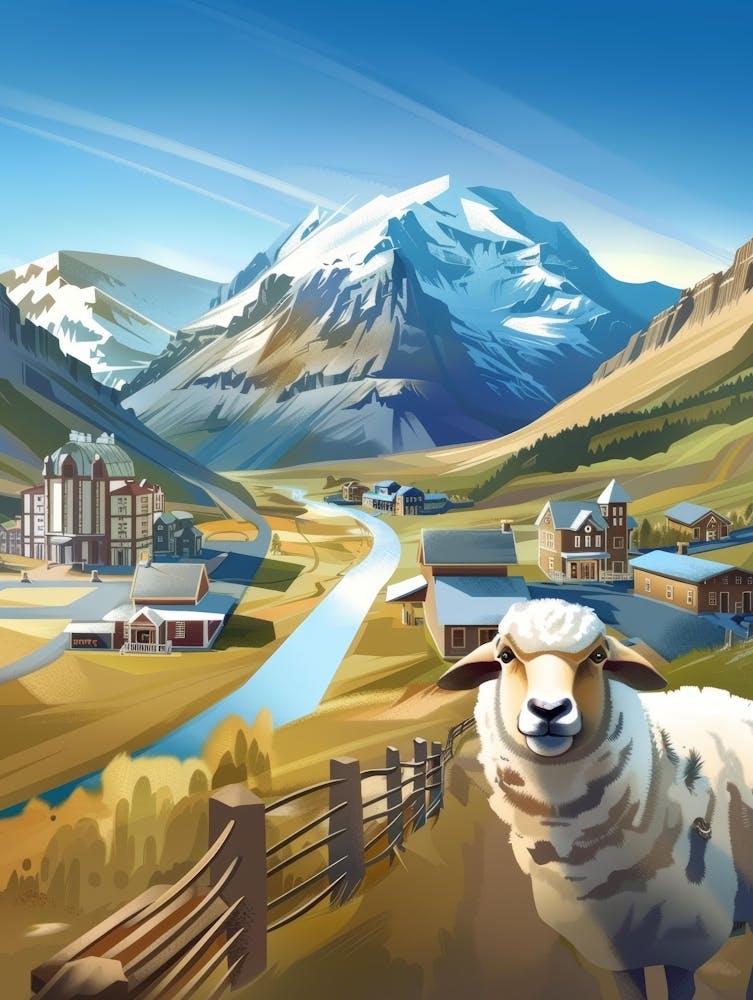 Sheep In The Mountains 1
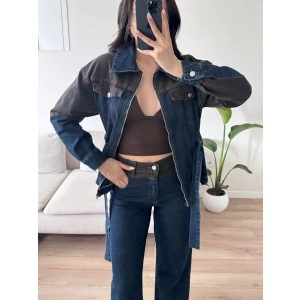 Çift Renk Denim Kuşaklı İkili Takım
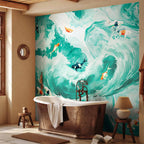 Japanese Fish and Waves Wall Mural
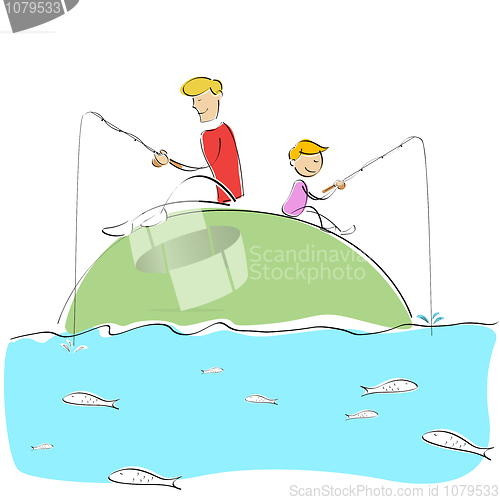 Image of father and son fishing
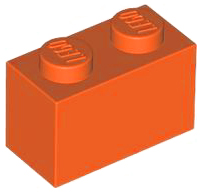 Brick 1 x 2 in Reddish Orange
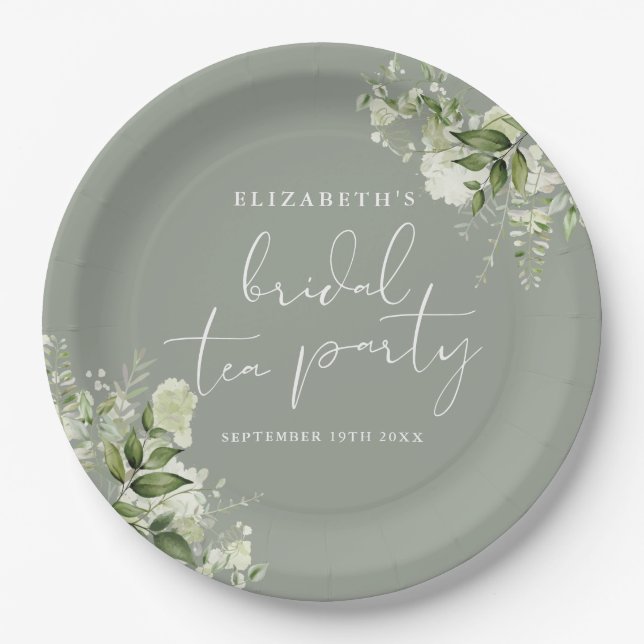 Greenery Floral Sage Green Bridal Shower Tea Party Paper Plate (Front)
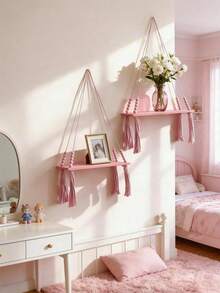 Bộ 1/2 kệ treo macrame màu hồng, kệ treo tường bằng dây tua rua đính hạt, giá trang trí phong cách Boho cho phòng ngủ/phòng khách, kệ đựng đồ treo tường phong cách Bohemian hiện đại, kệ treo tường đa chức năng màu hồng, kệ treo tua rua đính hạt trang nhã. - Nhiều màu - Xem 4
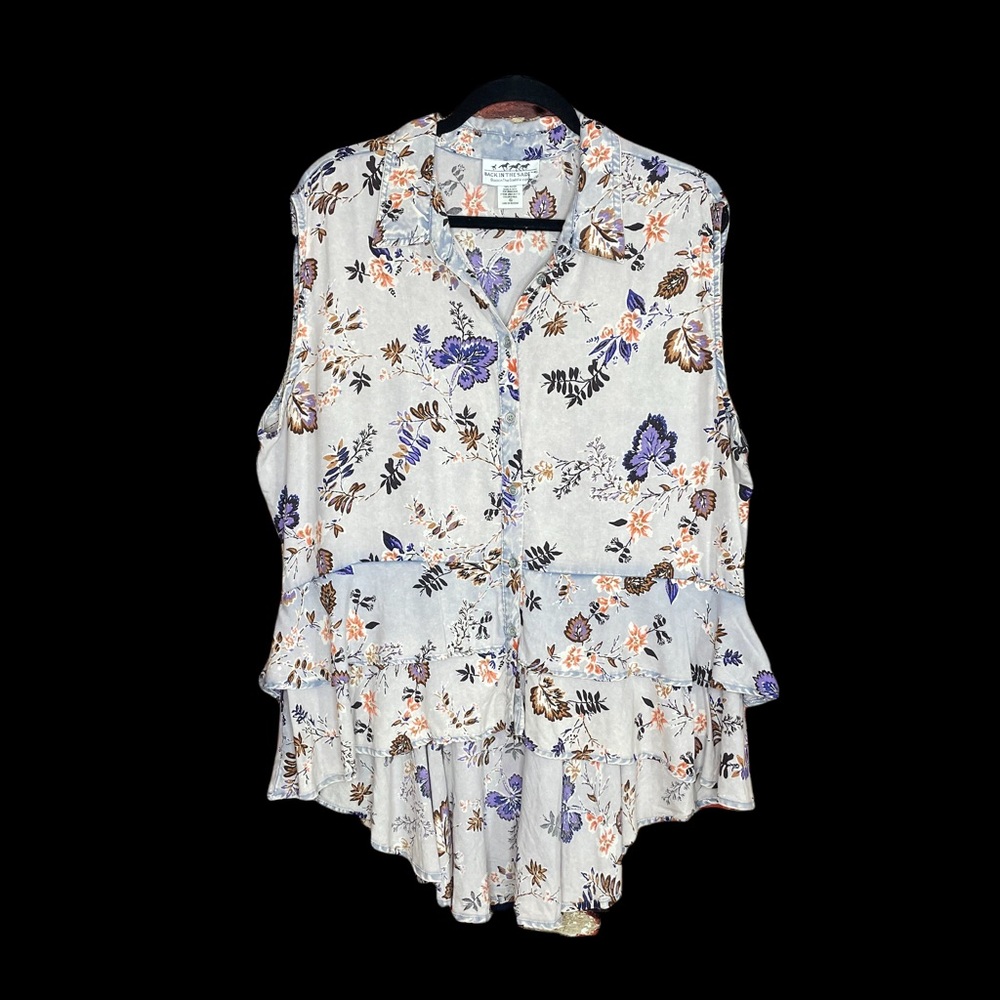 Novato Ruffled Blouse Back In The Saddle Button Down Ruffle Collared Blouse XL - Picture 3 of 6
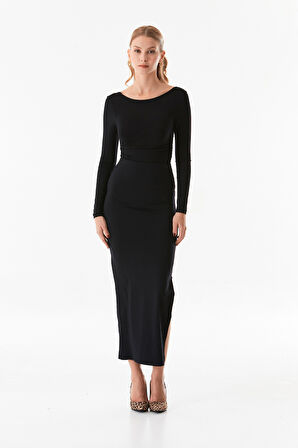 Basic Beli Lastikli Yırtmaçlı Etek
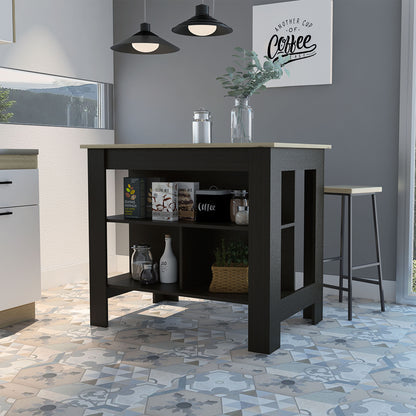 Modern Black Wengue and Light Oak Kitchen Island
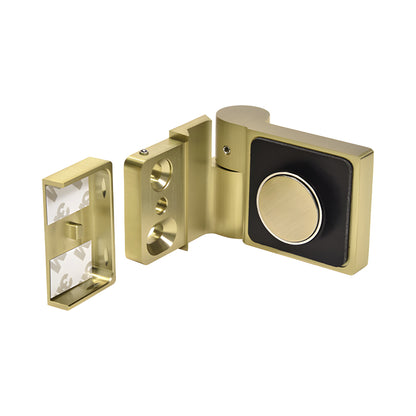 Brushed bronze Lugano offset glass hinge, square-profile brass hinge for frameless shower doors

Brief:
Above are entries with pictures among them. Write out exactly the lines from the one containing "Novato Ruffled Blouse" through the one containing "Modern Black Wengue", ends included, and leave those pictures out.

Task output:
 Novato Ruffled Blouse Back In The Saddle Button Down Ruffle Collared Blouse XL - Picture 3 of 6
 Basic Beli Lastikli Yırtmaçlı Etek
 Modern Black Wengue and Light Oak Kitchen Island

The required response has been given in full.